[Brief descriptive captions]
▶

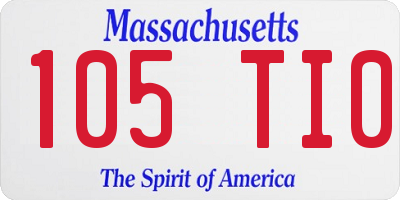 MA license plate 105TI0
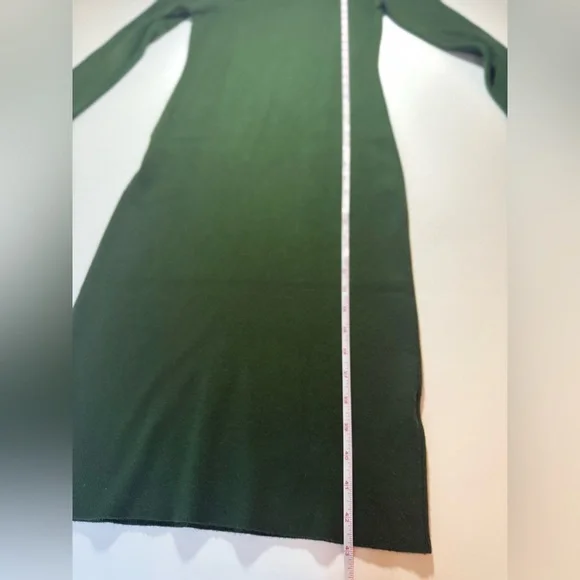 NWT Midi Knitted Ribbed Turtleneck Bodycon Sweater Dress Green Size M/L - Picture 4 of 13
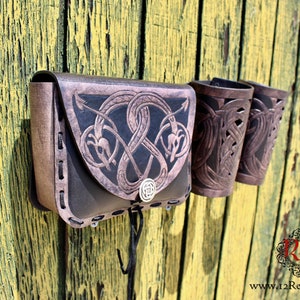 Leather bracers AND pouch, Viking Floki celtic dragon cut-out design. Buy the HALF length bracers and pouch together and get a DISCOUNT image 3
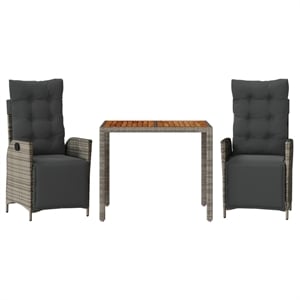 Afuera Living Contemporary 3 Piece Poly Rattan Garden Dining Set in Gray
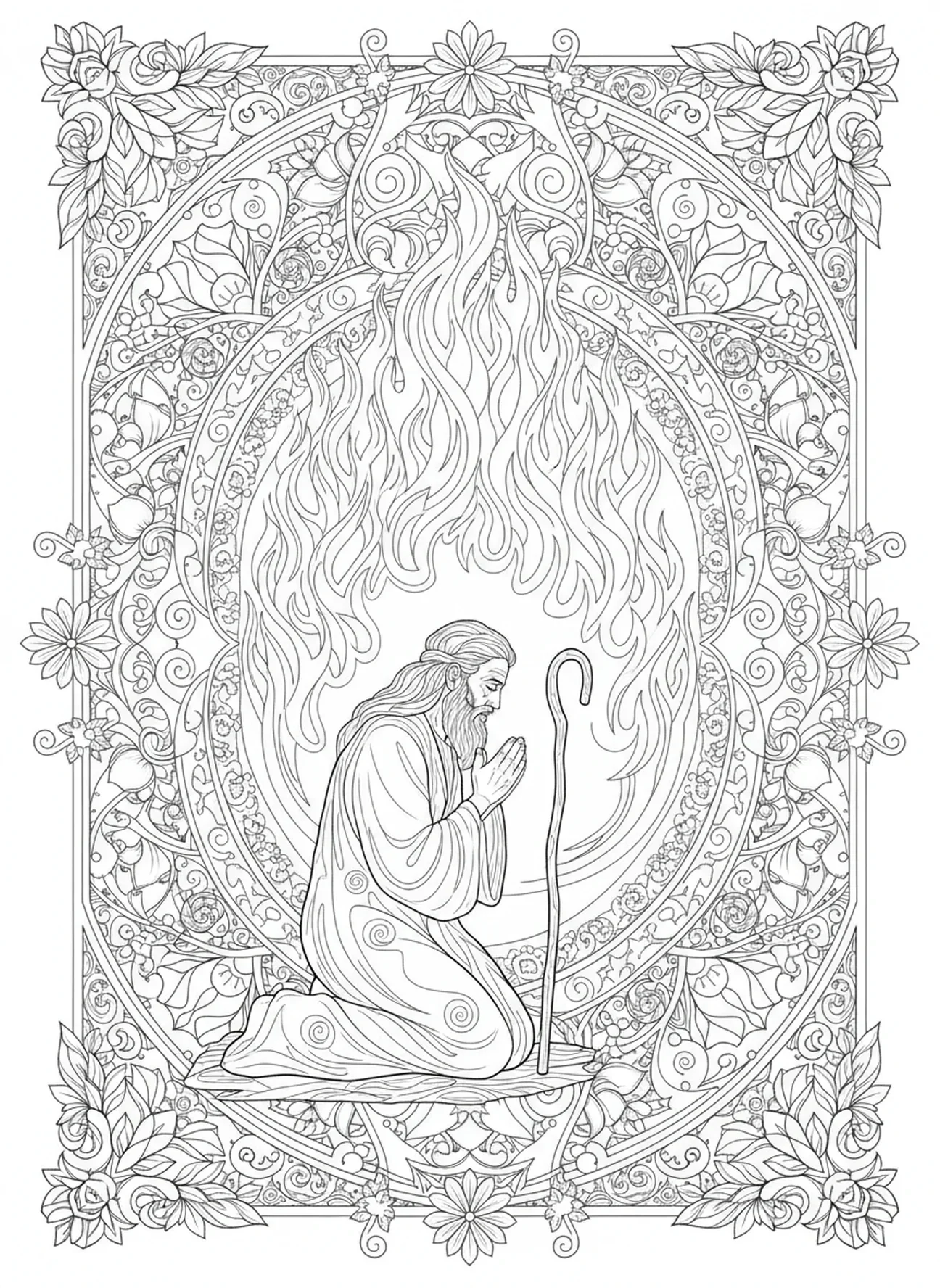 Appel divin du buisson ardent, page à colorier Buisson ardent pour le journaling biblique adulte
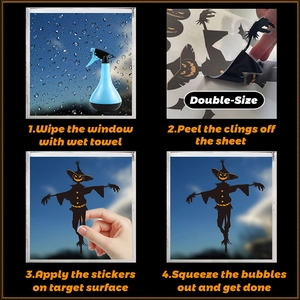 Four-step guide for applying double-sided Halloween scarecrow static window decals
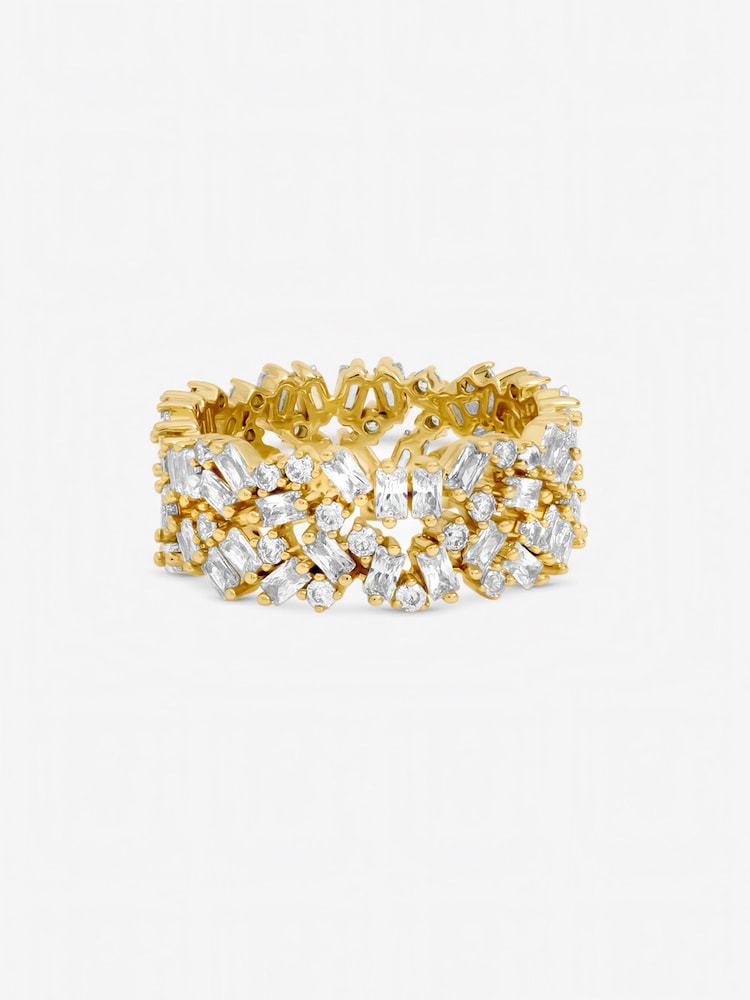 Jon Richard Gold Tone Scattered Stone Cubic Zirconia Ring - Image 1 of 1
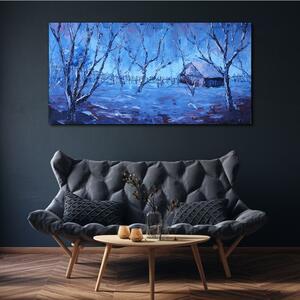 Obraz na plátně Obraz na plátně Abstrakce zimní sníh stromy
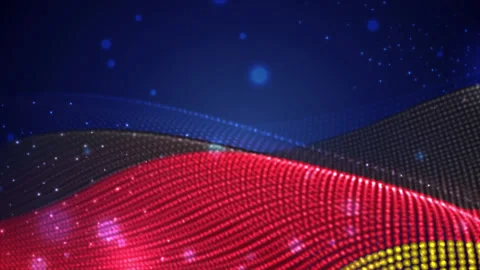 Germany waving flag on blue background with bright flares, motion loop Stock Footage 149474594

◀

ACTIVITY: Every line from the one containing "Four-step guide for" through the final line of the records above is to be written out exactly; nothing else, and no pictures.

SOLVED PROBLEM:
 Four-step guide for applying double-sided Halloween scarecrow static window decals
 Jon Richard Gold Tone Scattered Stone Cubic Zirconia Ring - Image 1 of 1
 Obraz na plátně Obraz na plátně Abstrakce zimní sníh stromy
 Germany waving flag on blue background with bright flares, motion loop Stock Footage 149474594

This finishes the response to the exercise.